WORK REQUEST
Return only the lines from the start of the records through the line that contains "yellow flower in a pot", inclusive; leave out all pictures.

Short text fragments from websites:
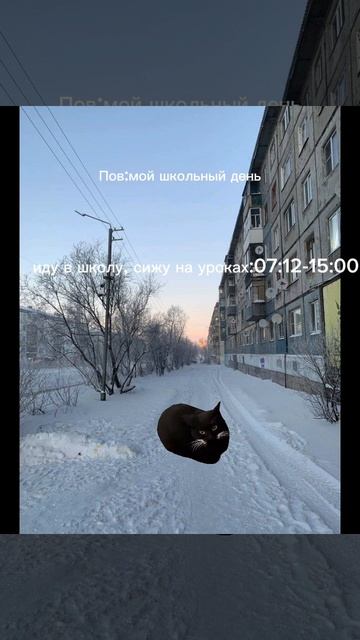а чо писать|#котики#собаки#кошки#коты #кот#кошка#котик смотреть онлайн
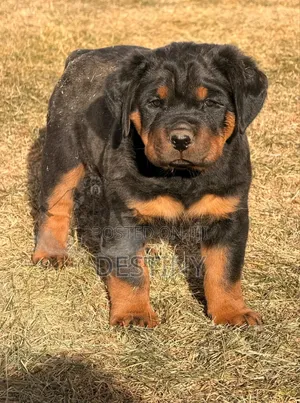 1-3 months Female Purebred Rottweiler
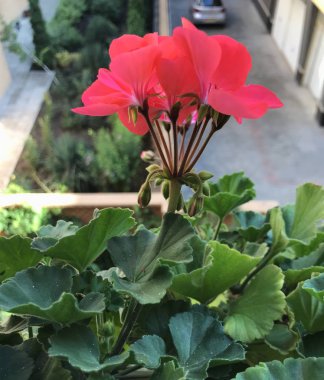 Sardunya Sardunya çiçekleri - renkli görüntü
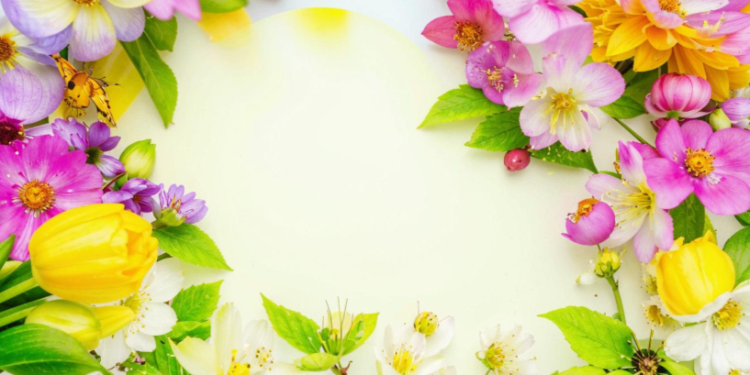 Во вторник в Рязанской области ожидается до +16 градусов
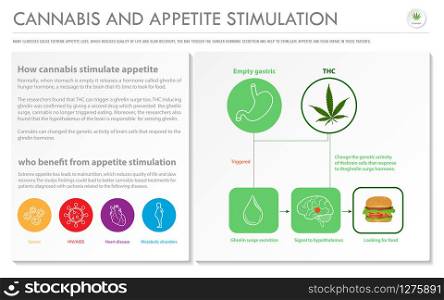 Cannabis and Appetite Stimulation horizontal business infographic illustration about cannabis as herbal alternative medicine and chemical therapy, healthcare and medical science vector.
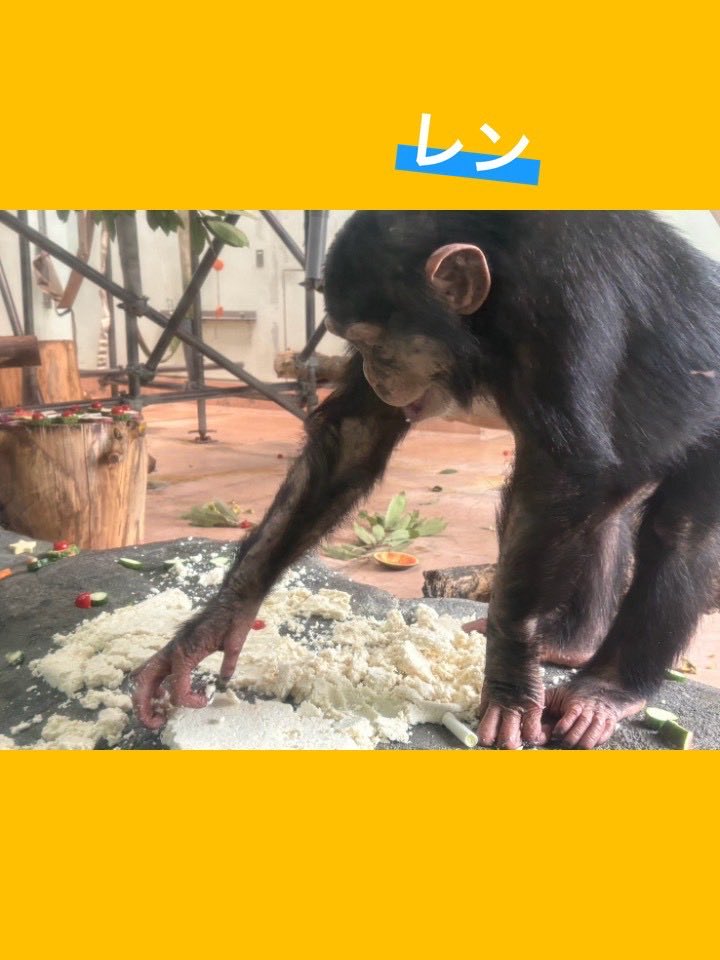 kumamotocityzoo's tweet photo. みるくにとって、健やかな1年になりますように🙏

#熊本市動植物園
#チンパンジー
#みるく https://t.co/lcDI0A5pX7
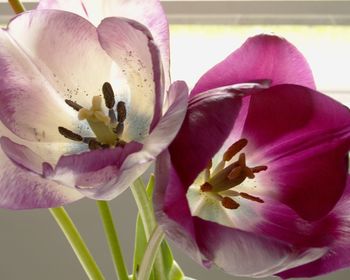 Close-up of pink orchid flowers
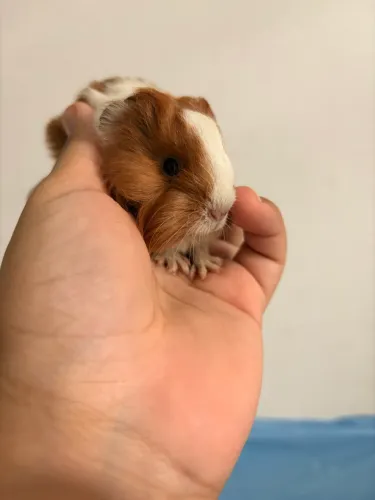 PORQUINHO DA ÍNDIA SHELTIE FÊMEA
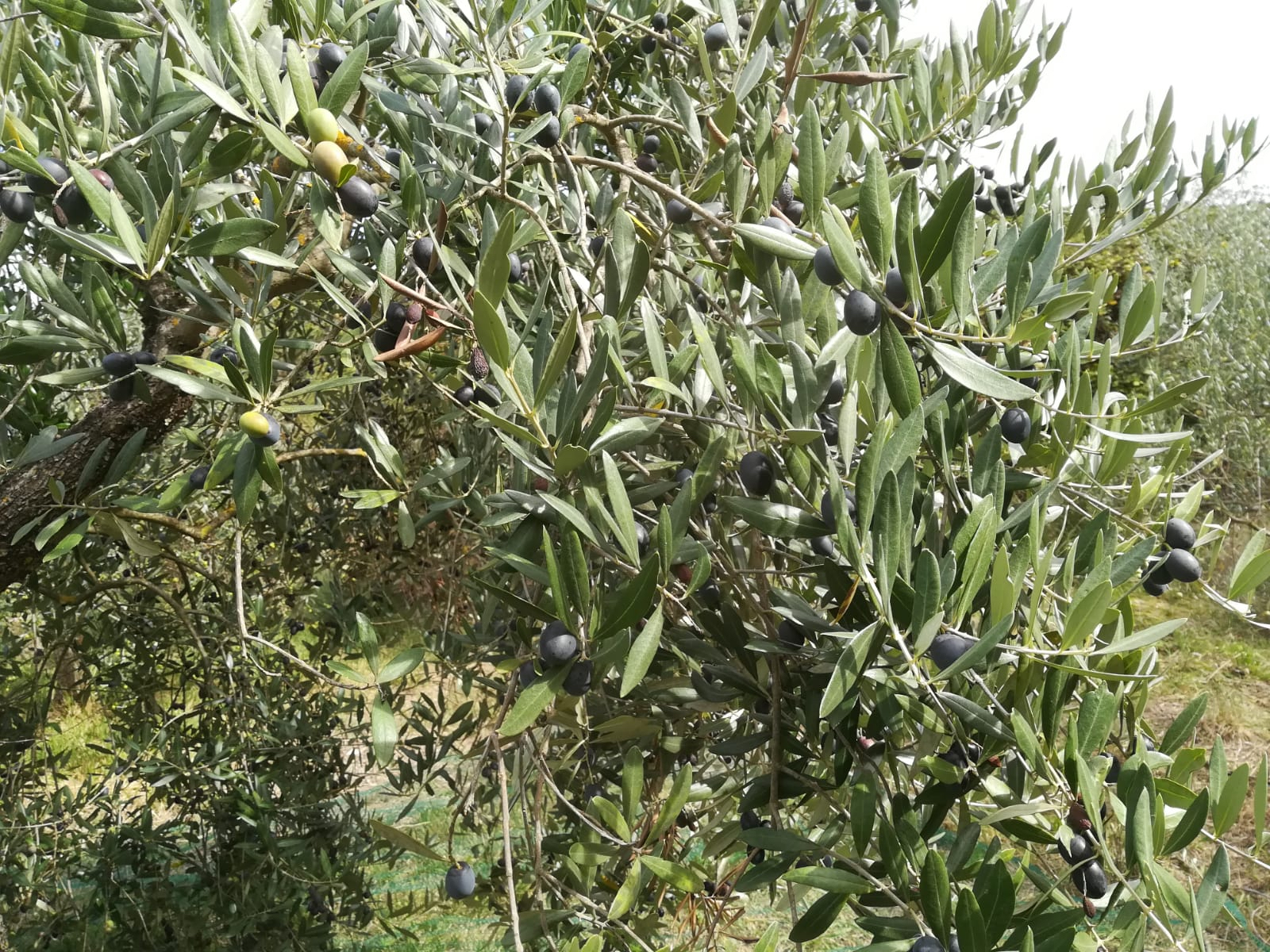 Sul filo dell'olio
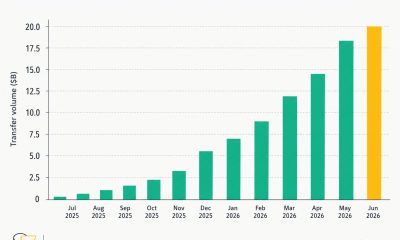 Growth of tokenized stocks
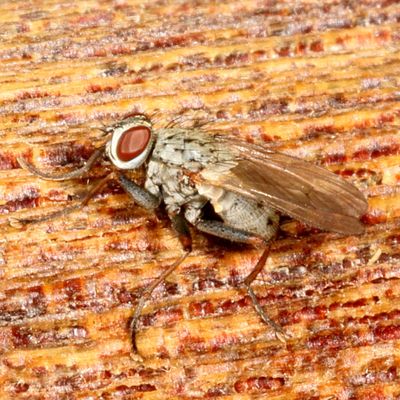Subfamily Coenosiinae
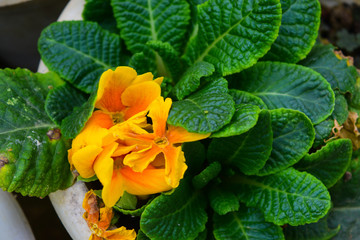 yellow flower in a pot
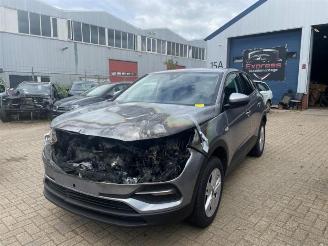 disassembly passenger cars Opel Grandland Grandland (X), SUV, 2017 1.5 CDTI 130 2020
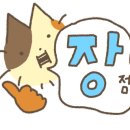라쿤피자 이미지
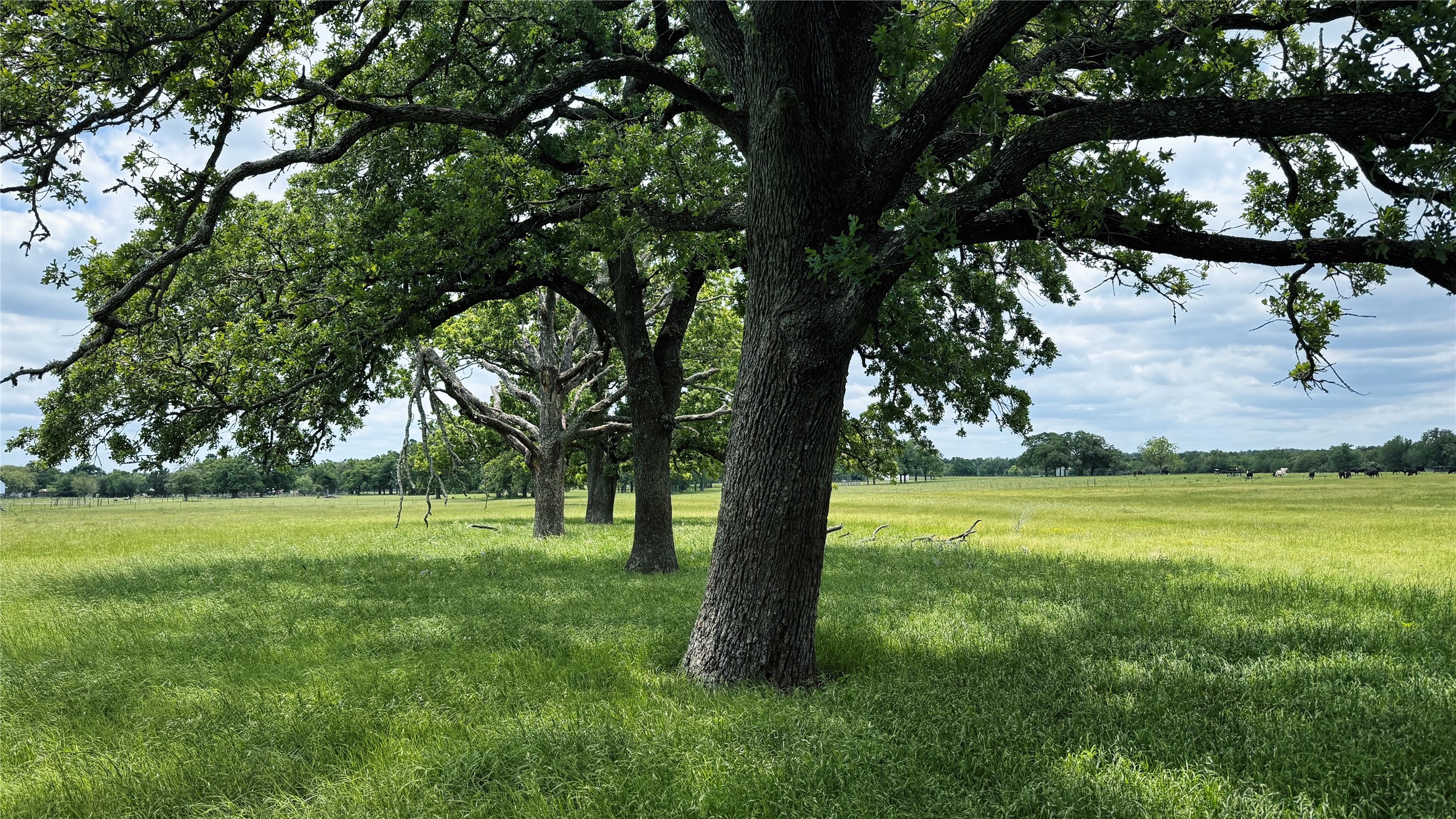 Tbd County Road 317 Property Photo 19
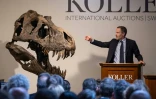 Le crâne du tyrannosaure rex "Trinity", lors de sa vente aux enchères à la maison Koller à Zurich, le 18 avril 2023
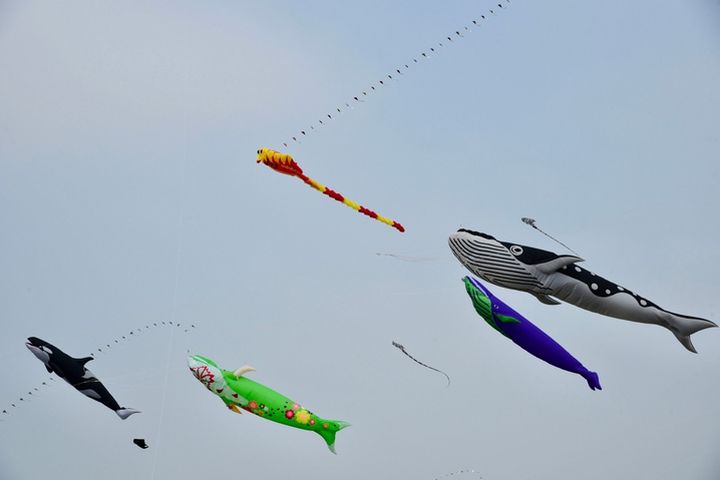 2022桃園國際風箏節春季，於3月26、27日舉行。　圖：桃園市政府觀光旅遊局／提供 
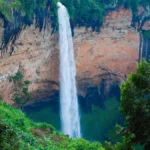 Exploring the Pearl of Africa: Uganda’s Timeless Safari Secrets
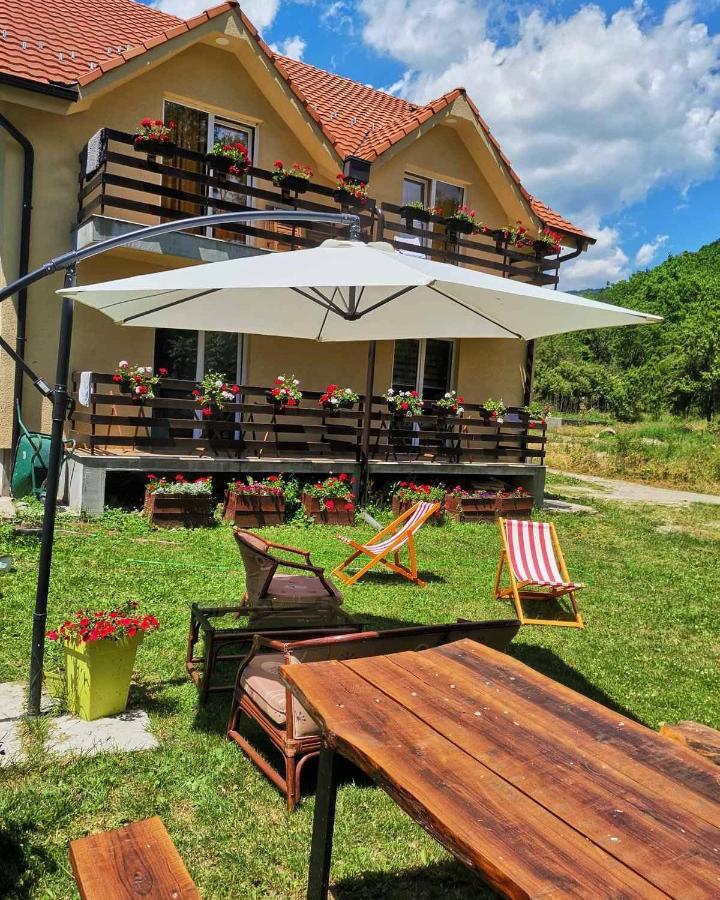 Vila Vrh Crni Vrh Extérieur photo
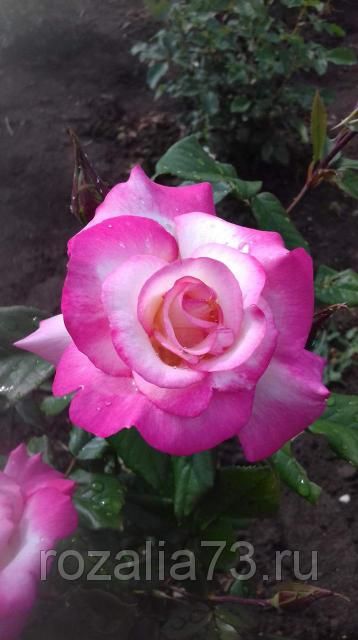 Саженец розы флорибунды Арифа (Arifa)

OUTPUT FOR THIS EXERCISE
а чо писать|#котики#собаки#кошки#коты #кот#кошка#котик смотреть онлайн
 1-3 months Female Purebred Rottweiler
 Sardunya Sardunya çiçekleri - renkli görüntü
 Во вторник в Рязанской области ожидается до +16 градусов
 Cannabis and Appetite Stimulation horizontal business infographic illustration about cannabis as herbal alternative medicine and chemical therapy, healthcare and medical science vector.
 kumamotocityzoo's tweet photo. みるくにとって、健やかな1年になりますように🙏

#熊本市動植物園
#チンパンジー
#みるく https://t.co/lcDI0A5pX7
 Close-up of pink orchid flowers
 PORQUINHO DA ÍNDIA SHELTIE FÊMEA
 Sul filo dell'olio
 Growth of tokenized stocks
Subfamily Coenosiinae
 yellow flower in a pot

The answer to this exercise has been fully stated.